If you're using McAfee on your Vista computer be sure your other computer IP is added to the Trusted IP list on the Security Center under Firewall > Advanced > Trusted IP's on McAfee and repeat the same with Norton or any if you had one



codename_romeo said:


> Connecting two laptops for gaming using wifi(w/o router) one using vista n the other XP


 
Please name the Laptops












3. *Making the Wireless Home Network Connection in Windows XP Without a Router :*

We'll start with a single computer that already has a wired Ethernet broadband connection to the Internet.

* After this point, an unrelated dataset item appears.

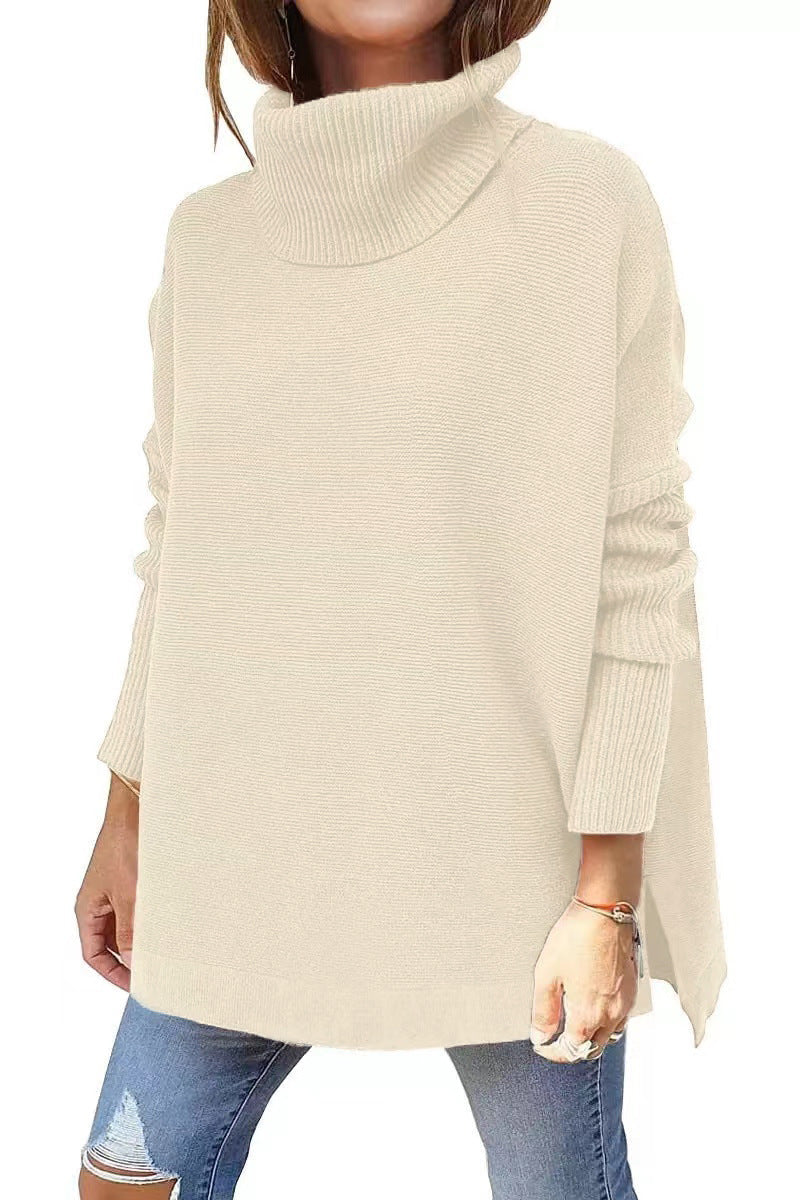 SORA™ | Modern Turtleneck Jumper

Then we'll build the ad hoc wireless network in three steps:

1.The first step will be to install an 802.11b wireless card in the main computer and configure it as a computer-to-computer (ad hoc) wireless connection. 
2.The second step will be to install a wireless card in a second computer. 
3.To complete the network and provide connectivity to the Internet, Internet Connection Sharing (ICS) will be enabled on the host. 

As you read through the procedures below, note that the accompanying images are captured from both the host and client computers and that the screen shots of the host computer contain a silver title bar, while the client computer screen shots contain a blue title bar.

Read rest from :

*www.microsoft.com/windowsxp/using/networking/expert/bowman_02april08.mspx


----------



## dOm1naTOr (Jan 8, 2008)

@Batistabomb
is there ny mirror for that files????
Or if that KB archive is present in Autopatcher?


----------



## Batistabomb (Jan 8, 2008)

aravind_n20 said:


> @Batistabomb
> is there ny mirror for that files????
> Or if that KB archive is present in Autopatcher?

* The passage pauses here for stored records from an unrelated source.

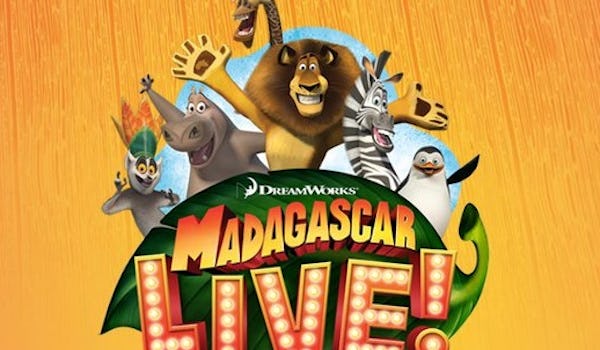 Madagascar Live!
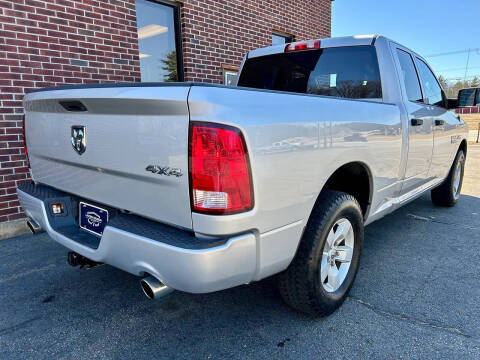 2017 RAM 1500 Express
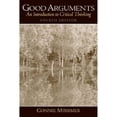 thumbnail image 1 of Pre-Owned Good Arguments: An Introduction to Critical Thinking (4th Edition) (Paperback) 0131845705 9780131845701, 1 of 1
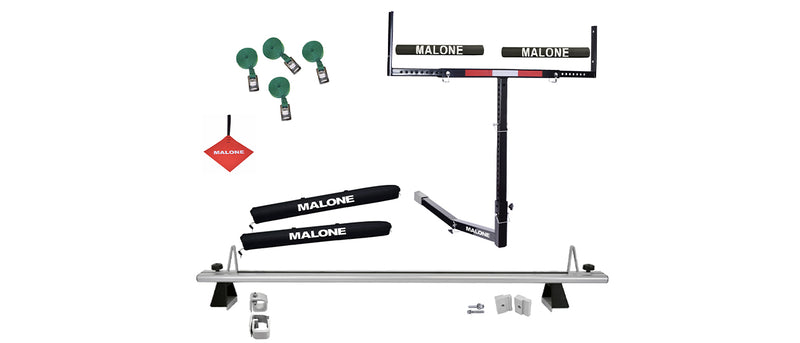 AxisDLX/CrossBed 2 Boat Angler w/Rack Pads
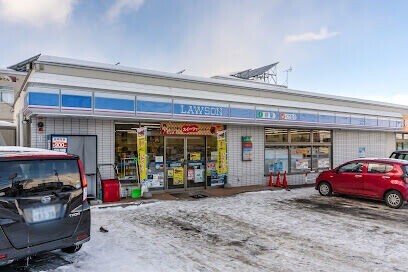 コンビニ　ローソン札幌西岡3条六丁目店（コンビニ）まで478m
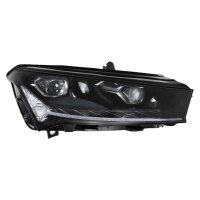 Headlight right 12 V LED HELLA Lighting Expertise...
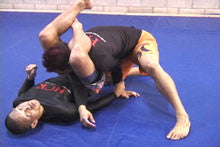 Baret Yoshida 3 DVD Set - Brazilian Jiu-Jitsu Instructional Videos for Grappling & MMA Training - Perfect for Home Practice & Martial Arts Enthusiasts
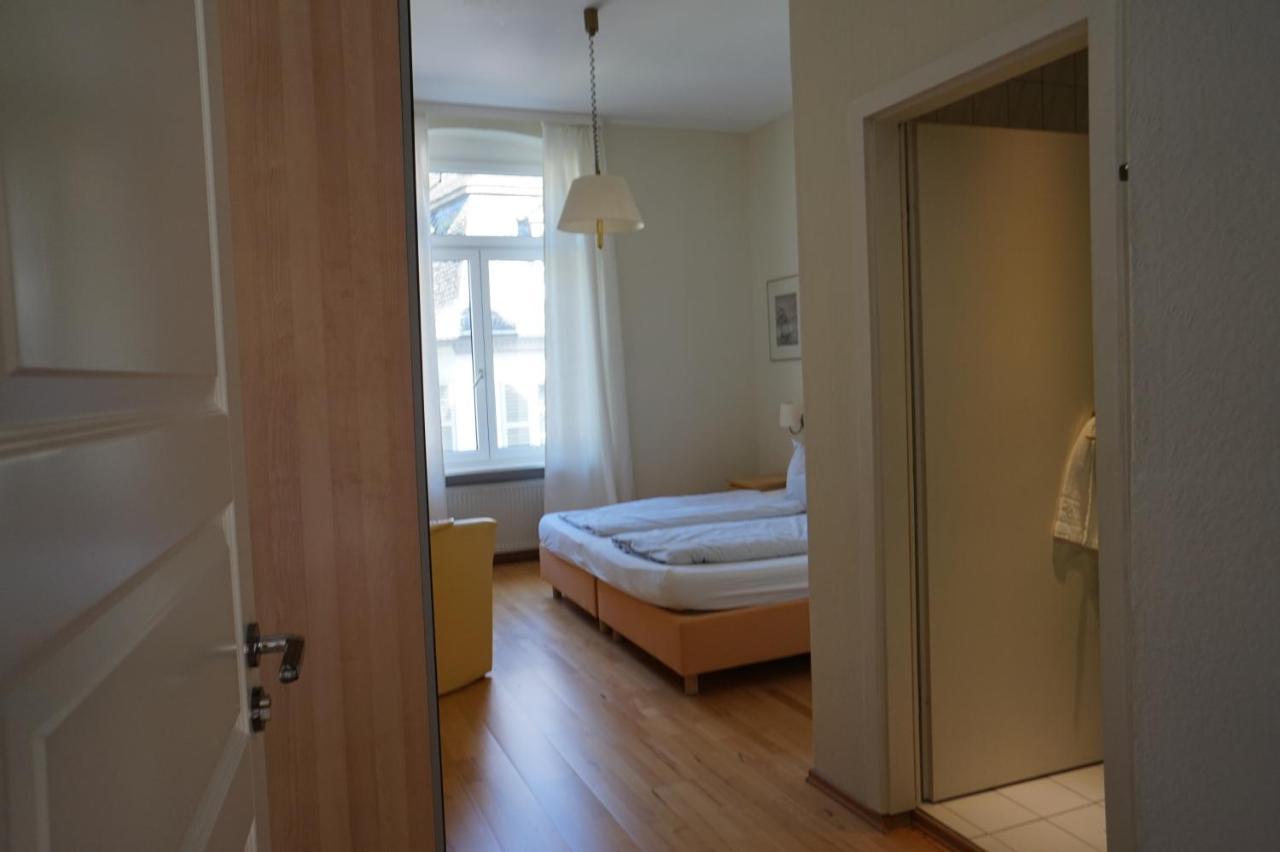 Kurhotel Quellenhof Bad Bertrich Exterior photo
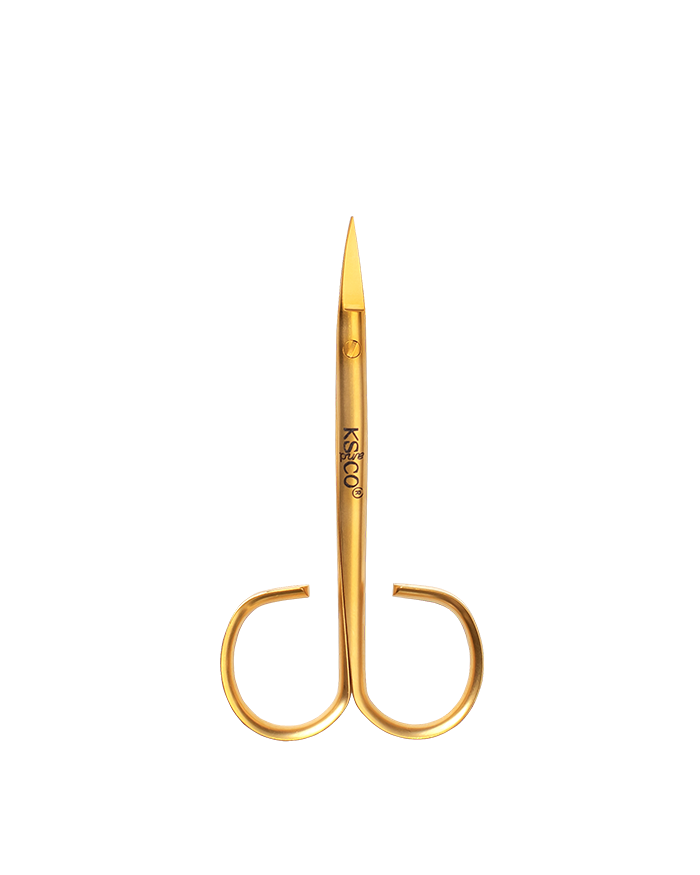 KS&CO® X RUBIS® BROW SCISSORS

Sorry i actually did not verified that validation note, ok i had backup of that file i can upload to your mails up on your request, do you really needs it ?







*4. NETWORKING Career Guidance :*

Before starting this section, i would like to tell the fact that the future of Networkers is bright from 2010,due to evolution of hundreds of companies,so i will discuss what are the courses to be taken to grab a job with great career in computer networking,networking jobs comes under many names and categories but all of them consider about only two issues 

1. LAN/WAN
2. Security

All of the jobs categorized only in to these two groups but with different names like 

a. System Administrator
b. Network Administrator
c. Security Analyst / Specialist
d. Network Engineer..........................e.t.c;

But the most job cases comes with Administration i.e; maintaining the complete backbone netwotking of company which may be a Network Engineer / Administrator  and the other the system administration i.e; whatever may be the Operating Systems (WIN,LINUX,SOLARIS,HP-UX e.t.c) you should be the complete master in using that, we can name him as System Administrator 

Now any further queries on job tiles you can ask here,

Coming to what are the courses you should have on is , majority of users selection is OS Administration max. to Windows->job titled (a),(b) above

FOR THIS THE COURSES ARE :

1. MCSE (Microsoft Certified Systems Engineer) : 

Total consisting of 7 papers having each paper costing around INR 2,500

MCSE is further categorized in to *MCP,MCSA*
For MCP it's enough if you attempt 2 papers then you will achieve an official grade from microsoft as a Microsoft Certified Professional

For MCSA you should attempt 4 to 5 papers, which gives you MIcrosoft Certified System Administrator

2. RHCE (Red Hat Certified Engineer) :

This exam comes to prove you are a *LINUX *expert

Note : I provided the above only as an example, if you ahve any query for certifications and careers , you can contact me here, also achieving certificate is not a mandatory if you are well performer in the desired interview, but some companies nowadays clearly mentioning ,the candiate to be certifier which doesn't matters if you are the top performer in interview

Coming to WAN Services jibs marked (c),(d) as above you should do certification in some wireless world, especially CISCO certifications under this category are a lot mostly popularized are 

1. CCNA (Cisco Certified Netwotk Associate) :

For this you should attempt a paper or couple of papers costing INR 7,500

2. *CCNP,CCDP,CCSP (security)* all else comes depends on your zeal

For more information log in to : *www.cisco.com/web/learning/le3/learning_career_certifications_and_learning_paths_home.html

Contact me here for further queries.........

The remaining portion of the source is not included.